# Correlation Coefficient

Correlation coefficient measures the degree to which two variables move together. Its value ranges between -1 and 1. -1 indicates perfectly negative relationship, 1 shows a perfectly positive relationship and zero means there is no linear relationship between the variables. Correlation doesn’t necessarily mean causation.

Correlation coefficient is a very important number in finance because it helps tell whether there is a relationship between say population growth and GDP growth, crude oil price and stock price of oil and gas companies, a mutual fund and the broad market index, etc. However, correlation coefficient must be used with a caveat: it doesn’t infer causation.

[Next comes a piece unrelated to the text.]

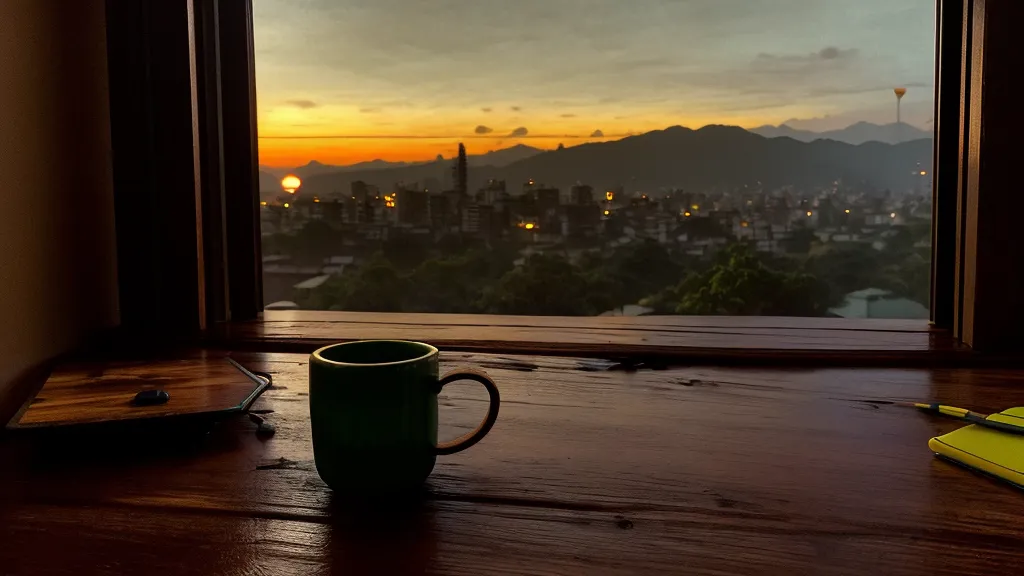 Vista nocturna de Bucaramanga desde la ventana de una oficina en casa con un portátil.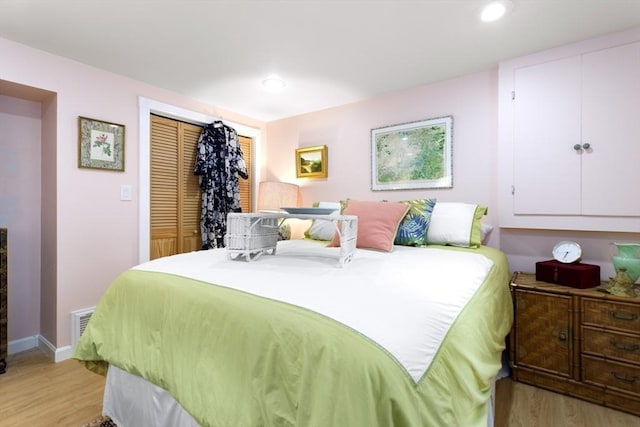 bedroom with light wood-style flooring, a closet, recessed lighting, and baseboards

Two variables might have a very high correlation, but it might not necessarily mean that one causes the other.

## Formula

The most common measure of correlation is called the Pearson correlation which can be calculated using the following formula:

$$\text{r}=\frac{\text{n} \sum{\text{xy}} - \sum{\text{x}} \sum{\text{y}}}{\sqrt{\left[ \text{n} \sum{\text{x}^\text{2}} - \left( \sum{\text{x}} \right)^\text{2} \right] \times \left[ \text{n} \sum{\text{y}^\text{2}} - \left( \sum{\text{y}} \right)^\text{2} \right]}}$$

If you already know the covariance between two investments, you can find correlation coefficient using the following formula:

$$\text{Correlation Coefficient}\ (\text{r})=\frac{\text{Covariance}(\text{x} \text{,} \text{y})}{\sigma _ \text{x}\sigma _ \text{y}}$$

Where σx and σy represent the standard deviation of variable x and y respectively.

Correlation coefficient can also be calculated using Excel CORREL function. It’s syntax is CORREL(array1, array2). array1 and array2 represent the series of x and y values.

## Example

The following table shows the monthly close data for SPDR S&P Oil & Gas Explore & Prod. (ETF) (XOP) (designated as y variable) and Brent Crude Oil Price (designated as x variable) from 1 January 2014 to 31 December 2017:

Date x y
1/1/2014 109.95 65.75
2/1/2014 108.16 69.69
3/1/2014 108.98 71.83
4/1/2014 105.7 77.61
5/1/2014 108.63 77.04
6/1/2014 109.21 82.28
7/1/2014 110.84 75.29
8/1/2014 103.45 79.05
9/1/2014 101.12 68.83
10/1/2014 94.57 60.87
11/1/2014 84.17 51.08
12/1/2014 70.87 47.86
1/1/2015 55.27 46.18
2/1/2015 47.52 50.81
3/1/2015 61.89 51.66
4/1/2015 55.73 55.09
5/1/2015 64.13 49.53
6/1/2015 64.88 46.66
7/1/2015 62.01 38.35
8/1/2015 52.21 36.00
9/1/2015 49.56 32.84
10/1/2015 47.69 36.61
11/1/2015 49.56 37.13
12/1/2015 44.44 30.22
1/1/2016 37.28 28.49
2/1/2016 34.24 24.60
3/1/2016 36.81 30.35
4/1/2016 38.67 35.74
5/1/2016 48.13 35.52
6/1/2016 49.72 34.81
7/1/2016 50.35 34.25
8/1/2016 42.14 36.79
9/1/2016 45.45 38.46
10/1/2016 49.06 35.35
11/1/2016 48.14 41.93
12/1/2016 53.94 43.18
1/1/2017 56.82 40.08
2/1/2017 56.8 37.86
3/1/2017 56.36 37.44
4/1/2017 52.83 34.95
5/1/2017 51.52 32.57
6/1/2017 50.63 31.92
7/1/2017 47.92 32.52
8/1/2017 51.78 30.16
9/1/2017 52.75 34.09
10/1/2017 57.54 34.28
11/1/2017 60.49 35.72
12/1/2017 63.73 37.18

After working out the necessary intermediate numbers, our Pearson correlation equation looks like this:

$$\text{Correlation Coefficient}\ (\text{r})\\=\frac{\text{48} \times \text{155,384} - \text{3,064} \times \text{2,177}}{\sqrt{\left[ \text{48} \times \text{221,774} - \text{3,065}^\text{2} \right] \times \left[ \text{48} \times \text{110,526} - \text{2,177}^\text{2} \right]}}\\=\text{0.93}$$

We get the same result using Excel CORREL function as illustrated in the attached Excel Worksheet.